### [Work instruction]
Exactly the lines from the beginning of the material to the line with "Rund-Folienballon Gold" are to be repeated, both ends included.

### [Record set]
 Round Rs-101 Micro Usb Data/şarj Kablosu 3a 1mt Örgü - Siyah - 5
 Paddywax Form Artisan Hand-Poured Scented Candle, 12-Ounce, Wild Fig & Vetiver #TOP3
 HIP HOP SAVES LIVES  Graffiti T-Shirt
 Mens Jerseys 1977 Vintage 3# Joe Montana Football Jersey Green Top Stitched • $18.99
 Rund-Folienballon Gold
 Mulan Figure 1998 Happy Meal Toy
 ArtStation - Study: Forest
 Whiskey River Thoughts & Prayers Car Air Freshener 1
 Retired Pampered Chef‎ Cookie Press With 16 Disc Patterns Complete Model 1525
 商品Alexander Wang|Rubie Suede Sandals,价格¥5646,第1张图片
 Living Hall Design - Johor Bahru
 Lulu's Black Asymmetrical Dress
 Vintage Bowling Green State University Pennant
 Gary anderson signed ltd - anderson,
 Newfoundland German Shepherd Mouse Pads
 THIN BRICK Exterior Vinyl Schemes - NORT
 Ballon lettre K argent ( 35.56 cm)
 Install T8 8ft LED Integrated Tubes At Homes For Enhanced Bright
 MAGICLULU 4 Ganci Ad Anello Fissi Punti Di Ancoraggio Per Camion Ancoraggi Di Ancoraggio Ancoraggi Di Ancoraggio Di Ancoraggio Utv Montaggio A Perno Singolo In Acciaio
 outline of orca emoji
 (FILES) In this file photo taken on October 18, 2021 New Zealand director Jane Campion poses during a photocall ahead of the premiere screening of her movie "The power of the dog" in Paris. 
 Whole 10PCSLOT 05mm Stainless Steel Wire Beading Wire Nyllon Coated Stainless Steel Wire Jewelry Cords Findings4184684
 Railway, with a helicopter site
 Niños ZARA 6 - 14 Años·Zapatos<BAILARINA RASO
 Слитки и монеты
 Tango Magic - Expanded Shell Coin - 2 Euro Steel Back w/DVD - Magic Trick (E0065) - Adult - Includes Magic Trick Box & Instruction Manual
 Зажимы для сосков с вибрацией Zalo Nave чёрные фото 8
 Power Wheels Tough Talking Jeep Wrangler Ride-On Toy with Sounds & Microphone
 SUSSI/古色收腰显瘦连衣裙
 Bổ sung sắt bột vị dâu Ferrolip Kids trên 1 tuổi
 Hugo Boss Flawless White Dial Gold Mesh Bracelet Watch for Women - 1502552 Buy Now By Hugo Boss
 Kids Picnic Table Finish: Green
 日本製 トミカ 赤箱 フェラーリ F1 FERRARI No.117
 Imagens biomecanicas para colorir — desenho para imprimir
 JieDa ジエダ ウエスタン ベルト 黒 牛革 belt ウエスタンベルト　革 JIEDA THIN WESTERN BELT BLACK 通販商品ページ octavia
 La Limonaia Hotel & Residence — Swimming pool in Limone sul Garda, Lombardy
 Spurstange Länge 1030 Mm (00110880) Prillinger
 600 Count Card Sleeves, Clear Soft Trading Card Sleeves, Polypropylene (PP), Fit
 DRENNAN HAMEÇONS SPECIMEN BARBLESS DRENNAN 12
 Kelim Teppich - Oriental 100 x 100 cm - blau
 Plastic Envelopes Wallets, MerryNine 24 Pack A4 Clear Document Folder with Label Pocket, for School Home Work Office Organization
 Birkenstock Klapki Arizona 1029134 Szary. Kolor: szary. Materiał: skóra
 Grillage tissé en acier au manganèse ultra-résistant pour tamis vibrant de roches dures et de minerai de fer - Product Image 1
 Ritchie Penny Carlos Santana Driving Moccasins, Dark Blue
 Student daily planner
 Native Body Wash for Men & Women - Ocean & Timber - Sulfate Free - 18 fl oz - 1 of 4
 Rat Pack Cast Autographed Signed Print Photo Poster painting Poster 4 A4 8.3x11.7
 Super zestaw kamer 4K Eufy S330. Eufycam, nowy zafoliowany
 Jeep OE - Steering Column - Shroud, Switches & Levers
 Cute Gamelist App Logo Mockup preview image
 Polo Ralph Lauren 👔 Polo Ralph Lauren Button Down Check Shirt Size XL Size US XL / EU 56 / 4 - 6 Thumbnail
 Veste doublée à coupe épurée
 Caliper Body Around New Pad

### [Response for this exercise]
 Round Rs-101 Micro Usb Data/şarj Kablosu 3a 1mt Örgü - Siyah - 5
 Paddywax Form Artisan Hand-Poured Scented Candle, 12-Ounce, Wild Fig & Vetiver #TOP3
 HIP HOP SAVES LIVES  Graffiti T-Shirt
 Mens Jerseys 1977 Vintage 3# Joe Montana Football Jersey Green Top Stitched • $18.99
 Rund-Folienballon Gold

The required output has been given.